Member of the grounds department sets up chairs in Scott Amphitheater

Members of the Grounds & Horticulture Department set up 2,276 chairs in the Scott Amphitheater in preparation for Commencement Weekend.

It’s Commencement Weekend at Swarthmore, the culmination of four years of exploration and growth for seniors, spirited instruction and collaboration from faculty, and multifaceted support of staff from all corners of campus. The product of extensive planning and execution, Commencement is a celebration for and by the entire College community. But before final touches are made and the regalia is adorned, let’s examine Swarthmore’s Commencement—its 147th—by the numbers.

395:  Seniors graduating

395:  Roses and Itea sweetspire shrubs that will be given to seniors by the Scott Arboretum, in keeping with tradition

73:  Students who were first in their family to attend college (i.e., neither parent had a four-year college degree)

25:  Staff who volunteered to work Commencement, mostly as ushers, from all across campus

41:  Environmental Services staff on campus Sunday—30 working Commencement; 10 tidying up the campus afterward; and one, supervisor Ursula Young, walking in the ceremony

87:  Students receiving honors

301:  Written honors exams taken, across 129 subjects and 27 disciplines

352:  Oral honors exams taken (162 in the social sciences, 96 in engineering and the natural sciences, 83 in the humanities, 11 interdisciplinary)

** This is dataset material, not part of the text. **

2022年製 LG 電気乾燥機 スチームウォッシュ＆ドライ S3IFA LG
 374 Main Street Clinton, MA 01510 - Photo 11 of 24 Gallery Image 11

138:  External honors examiners hosted, from across the U.S. and the Netherlands, Germany, and Canada

1:  Cohort—the first—of Swarthmore Summer Scholars to graduate 

82:  Students with the most popular major, Economics

149:  Students with double majors

62:  Students with special majors, including 14 in Peace & Conflict Studies and 12 in Neuroscience 

213:  Students with a minor

3:  Students with the College’s newest minor, Global Studies

4:  First-time special majors: Indigenous Sociopolitical Studies; Political Science, Conservation Biology, and Environmental Justice; Interdisciplinary Race and Ethnicity Studies; Philosophy of Language

310:  Procession steps between the entrances of Dean Bond Rose Garden and Scott Amphitheater

1,580:  Tickets issued

3,000:  Programs printed

2,276:  Chairs set up in the amphitheater

3,800:  Total chairs, as well as 50 extra tables, ordered to cover the weekend’s events

2,000:  Compostable ponchos (new this year) ordered in case of rain

2,000:  Compostable cups at water stations around campus

18:  Golf carts to ferry people around campus

48:  Barricades 

2,000:  Cookies (approximate) for the post-ceremony reception

44:  International students from 32 countries, as well as 19 U.S. citizens who have dual citizenship in 14 additional countries

41:  States represented by students, including Washington, D.C.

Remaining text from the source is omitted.